The 59th Venice Biennale's top awards went to two Black female artists — Sonia Boyce and Simone Leigh — in a history-making ceremony on April 23. Each is the first Black woman to represent her country at the biannual event, and the awards are the first-ever for a Black woman artist in the 127-year history of contemporary art's premier exhibition.
The Golden Lion for Best National Participation was awarded to Great Britain for Sonia Boyce's sound installation featuring five Black female musicians. Boyce, a statement reads, "proposes, consequently, another reading of histories through the sonic. In working collaboratively with other Black women, she unpacks a plenitude of silenced stories."

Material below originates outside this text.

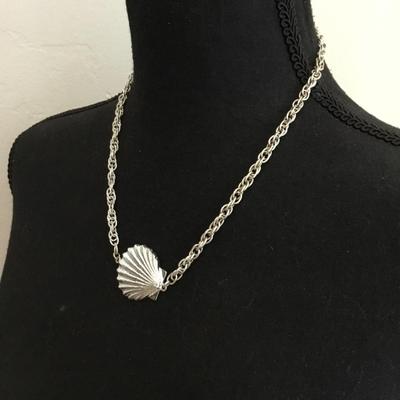 Vintage Silver-tone shell necklace, light chain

“The project at the center of the pavilion is about the question of collective remembering, and resisting the erasure of women’s voices within the British music system,” Boyce told the New York Times.
In addition, the Golden Lion for the Best Artist in the International Exhibition The Milk of Dreams, curated by Cecilia Alemani, went to American artist Simone Leigh "for the rigorously researched, virtuosically realized, and powerfully persuasive monumental sculptural opening to the Arsenale, which alongside Belkis Ayón, provided a compelling entrée to the ideas, sensibilities and approaches constellated and animated throughout The Milk of Dreams."
Her Brick House (2019), a 16-foot-tall sculpture that had formerly appeared on New York’s High Line park (Alemani is also curator at High Line Art), notes ARTnews, "depicts an eyeless Black female figure whose form appears to combine with an architectural structure. Drawing on the styles of Batammaliba architecture and Mousgoum dwellings, the work also alludes to Mammy’s Cupboard, an eatery in Natchez, Mississippi, whose building resembles a mammy figure."
Leigh also represented the United States among the national pavilions at the Venice Biennale.
Two Golden Lions for Lifetime Achievement went to German artist Katharina Fritsch and the Chilean artist Cecilia Vicuña.